2020 MSDE Outstanding Early-Career Paper Award Winner: Heather Kulik

Photograph of Professor Heather Kulik

We are excited to announce Professor Heather Kulik (MIT, USA) as the winner of the Molecular Systems Design & Engineering (MSDE) 2020 Outstanding Early-Career Paper Award.

This is in recognition of Professor Kulik’s leadership of the paper:

Enumeration of de novo inorganic complexes for chemical discovery and machine learning

This paper is free to read until 31 December 2021

Biography

Heather J. Kulik is an Associate Professor in Chemical Engineering at MIT. She received her B.E. in Chemical Engineering from Cooper Union in 2004 and her Ph.D. in Materials Science and Engineering from MIT in 2009. She completed postdocs at Lawrence Livermore (2010) and Stanford (2010−2013), prior to returning to MIT as a faculty member in 2013 and receiving tenure in 2021. Her work has been recognized by a Burroughs Wellcome Fund Career Award at the Scientific Interface (2012-2017), Office of Naval Research Young Investigator Award (2018), DARPA Young Faculty Award (2018), AAAS Marion Milligan Mason Award (2019-2020), NSF CAREER Award (2019), the Industrial & Engineering Chemistry Research “Class of Influential Researchers”, the ACS COMP Division OpenEye Award for Outstanding Junior Faculty in Computational Chemistry, the JPCB Lectureship (ACS PHYS), the DARPA Director’s Fellowship (2020), and a Sloan Fellowship (2021).

From 01 July 2021, Professor Kulik will be Associate Professor with tenure at MIT.

 

Read more papers by the winner:

When are two hydrogen bonds better than one?

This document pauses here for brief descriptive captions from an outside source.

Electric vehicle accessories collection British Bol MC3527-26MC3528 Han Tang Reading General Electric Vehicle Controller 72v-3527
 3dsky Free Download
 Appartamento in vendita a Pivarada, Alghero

Accurate first-principles models explain the balance of hydrogen bond donors and acceptors found in proteins
Chem. Sci., 2021, 12, 1147-1162

Revealing quantum mechanical effects in enzyme catalysis with large-scale electronic structure simulation
React. Chem. Eng., 2019, 4, 298-315

 

MSDE Symposium 2021

We are also delighted that Professor Kulik will be speaking at the upcoming MSDE journal symposium Frontiers in Molecular Engineering, taking place on 17–18 June.

This virtual event is free for anyone to register.

Join us for this exciting two-day virtual symposium to discover how molecular engineering approaches are driving significant breakthroughs across a broad range of research disciplines and applications, with a particular focus on sustainable development goals.

Read more and register today!

Please join us in congratulating Professor Kulik; we hope you enjoy reading this paper!

 

About the award

The aim of the MSDE Outstanding Early-Career Paper Award is to recognise a researcher in the earlier stages of their research career for their leadership in reporting original research published in MSDE.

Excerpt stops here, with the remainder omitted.